__The problem__: You are asked to reproduce the listing exactly and to omit its pictures.

__Information provided__:
⁂
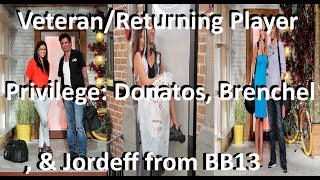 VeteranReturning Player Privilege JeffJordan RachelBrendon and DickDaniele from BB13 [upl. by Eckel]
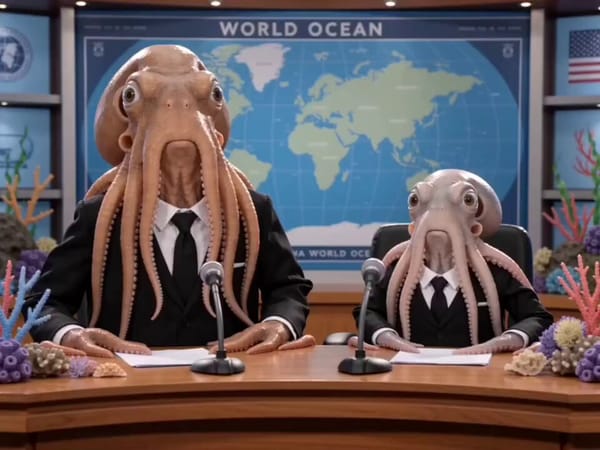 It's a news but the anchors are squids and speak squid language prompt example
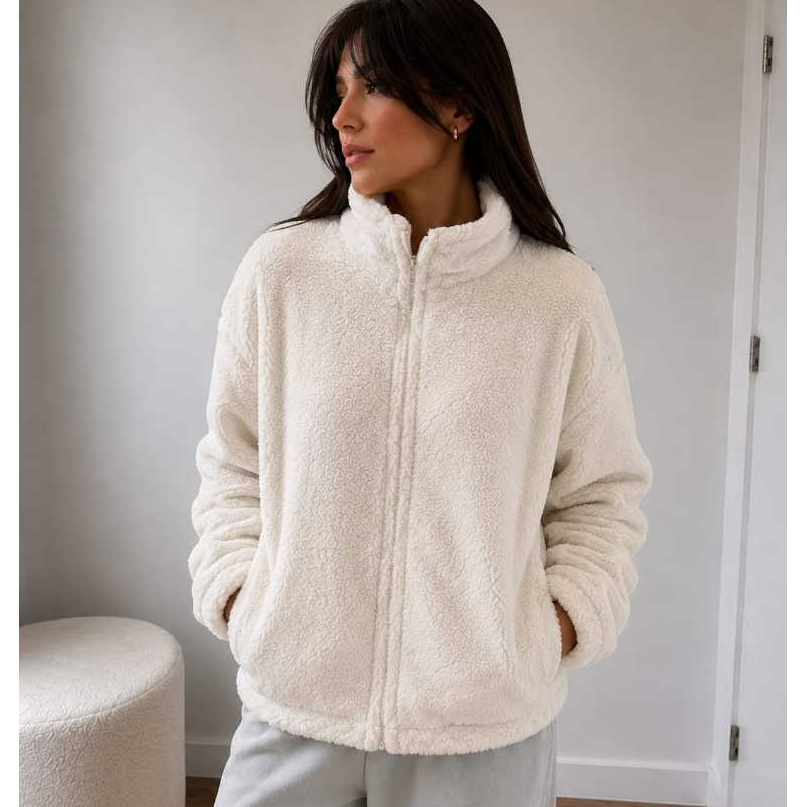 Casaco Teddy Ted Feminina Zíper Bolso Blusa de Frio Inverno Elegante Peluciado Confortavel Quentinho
⁂
__Output of the exercise__:
 VeteranReturning Player Privilege JeffJordan RachelBrendon and DickDaniele from BB13 [upl. by Eckel]
 It's a news but the anchors are squids and speak squid language prompt example
 Casaco Teddy Ted Feminina Zíper Bolso Blusa de Frio Inverno Elegante Peluciado Confortavel Quentinho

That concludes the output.